The Islamic divines of Dúghábád caused the governor of the district to have Mírzá Mahmúd arrested for being a Baháʼí. He was sent in chains to Mas͟hhad. From his prison-cell, he managed to secretly send a letter to Nasiri'd-Din Shah, who issued an order for the release of Mírzá Mahmúd. The clerics of Mas͟hhad managed to have him exiled, rather than set free, to a remote corner of Khorasan named Kalát.

In Kalát, the governor soon became good friends with Mírzá Mahmúd, and informed him of the death of Baháʼu'lláh. In his grief, Mírzá Mahmúd began a three-day fast. On the fourth night, Baháʼu'lláh appeared to him in a dream, which he claimed gave him new life.
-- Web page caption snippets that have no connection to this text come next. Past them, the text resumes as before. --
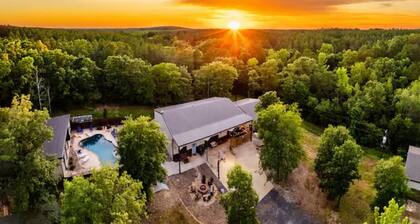 NEW Prism Pines | Lake, Pool & Outdoor Bar Kitchen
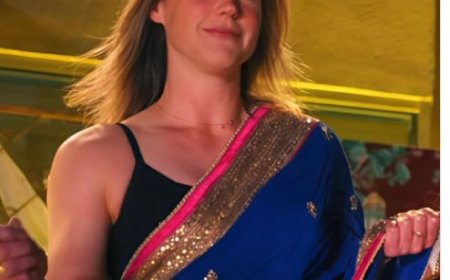 नीली साड़ी में एलिस पेरी का जलवा, WPL 2025 के लिए भारत में मौजूद ऑस्ट्रेलियाई ऑलराउंडर की तस्वीरें वायरल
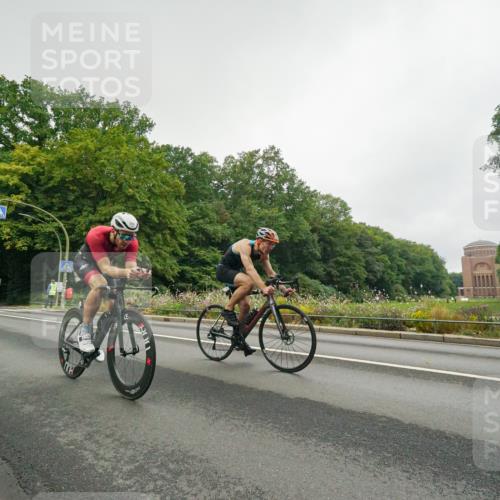 14.09.2025 - Stadtparktriathlon Michael Burmester http://msf.ph/oto/8889521 14.09.2025 09:15:34 Radfahren 315, 337, 349, 354, 379, 392, 418, 437, 451, 487 meine-sportfotos.de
He then travelled to Haifa and Akka in Palestine where he met ʻAbdu'l-Bahá and then to Cairo where he met Mírzá Abu'l-Faḍl. He then returned to Tehran where he met face to face with the Qajar prince, Kamran Mírza, son of Nasser al-Din Shah and brother to Mozzafar al-Din Shah. He then travelled to Ashgabat, to Haifa where he met ʻAbdu'l-Bahá again, and then back to Iran. After once again travelling to Haifa and returning to Iran, where he was severely beaten in a mob attack he met with the Shah of Iran Mozzafar al-Din Shah Qajar. His later travels included times in Yazd, Khorasan, his home town of Dúghábád, Ashgabat, Mashad, where he survived a murder attempt, Ashgabat, Egypt, Haifa, Mashad, and then Dúghábád. Here Mírzá Mahmúd was poisoned by one of his enemies, and died in AH 1346 (CE 1927-1928).